Ordinarily a rather unnecessary affair, the third-place play-off at this year’s Copa América was not without drama but it wasn’t Argentina’s 2-1 victory over Chile that generated the headlines rather the red card shown to Lionel Messi that sparked controversy.
Early goals from Sergio Agüero and Paulo Dybala had put a sprightly Argentina in firm control against the ageing Chilean side, who had beaten them to the two previous Copa Américas, before card-happy Paraguayan referee Mario Diaz de Vivar sent off Lionel Messi and Gary Medel.
The pair have history since Medel gave Messi an unpunished boot in the chest during Chile’s 2015 triumph but nothing like that level of violence when the Argentina captain gave a slight shove chasing a loose ball prompting Medel to barge Messi with his chest. The look of shock on Messi’s face upon seeing the red card only compounded by the officials opting not to check the incident again with VAR.
For Medel, the pitbull who plies his trade on the edge of what a referee will deem excessive, it was a surprise but for Messi, whose only other career red card came on his Argentina debut 14 years prior, it was a decision that went far deeper.
Critical of the officiating after Argentina’s semi-final defeat to Brazil when two penalty claims were deemed unworthy of a VAR check, Messi felt this could have been personal and after La Albiceleste saw off Chile to collect third-place there was no sign of their captain.
“I didn’t go because of a bit of everything. I think that we shouldn’t form part of this corruption, for the lack of respect they’ve shown us in this tournament,” an irate Messi told the press.
“We leave with the feeling that we could have done more, that against Brazil and today [against Chile] have been our two best games.”
Facing a suspension for the next CONMEBOL dates and casting doubt over whether Peru stand any chance against Brazil with the odds so stacked in their favour, South America’s governing body responded to Messi in no uncertain terms.
“In football, sometimes you win and sometimes you lose and a fundamental pillar of fair play is accepting the result with loyalty and respect,” a statement read.
“The same goes for refereeing decisions, they are human and can always improve. It’s unacceptable that from roots of the competition, where 12 teams compete in equal conditions, there have been unfounded accusations made that are untrue and put the integrity of the Copa America in question.
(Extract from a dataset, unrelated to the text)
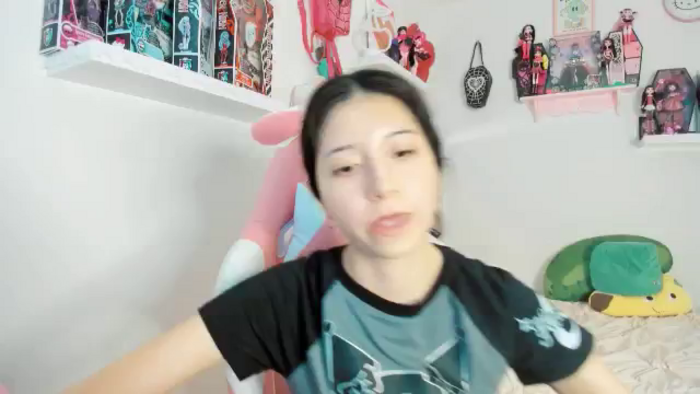 Cherrycute666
“[These accusations] represent a lack of respect to the competition, to the footballers taking part, and to the hundreds of CONMEBOL professionals who have worked since 2016 to make our organisation transparent and professional and to develop South American football.”
The standard of officiating at the Copa América and the confusing use of VAR leaves a bitter taste but after a dreadful start to the tournament, Argentina have managed to take positives. The sense of injustice provides context to La Albiceleste’s extended trophy drought and in the performances against Brazil and Chile there were shoots of fresh optimism.
Sergio Agüero’s partnership with Lautaro Martínez during the Copa has been one such reason but with the Inter youngster suspended Paulo Dybala got his chance and in tandem with captain Messi, the three shone.
Messi’s quick free-kick after 12 minutes released the alert Agüero and the Manchester City striker rounded Gabriel Arias to put Argentina in front before Giovani Lo Celso, another who promises to be a central part of La Albiceleste’s future, slipped in Dybala to leave the Chilean defence in his wake and dink the ball over the the onrushing goalkeeper.
Two-nil up with barely 20 minutes on the clock against the side Argentina couldn’t find a way past in two previous Copa América finals provided reason for cheer and when the previously incompatible Messi and Dybala combined for what was almost a spectacular third, the Juventus forward volleying narrowly wide, it looked like a rout was possible.
However, amid a flurry of fouls which Mario Diaz de Vivar couldn’t control the game’s major talking point came eight minutes before the half time whistle.
Ten against ten Argentina remained the better side for the most part but when Diaz de Vivar awarded a penalty to Chile just before the hour mark after rewatching a Lo Celso hack with the VAR not only did it further antagonise Lionel Scaloni’s it handed Chile a lifeline.
Arturo Vidal smashed the ball past Franco Armani and although Scaloni substituting Dybala, Agüero and Lo Celso seemed to invite further pressure, Argentina held on for the win.
A positive way for Argentina to end the tournament but still only the beginning of a long rebuilding process. Scaloni will remain in charge until the end of the year with several key friendlies before the start of CONMEBOL’s long World Cup qualification process. That could begin without Messi due to suspension and may yet be under new management so the future remains uncertain.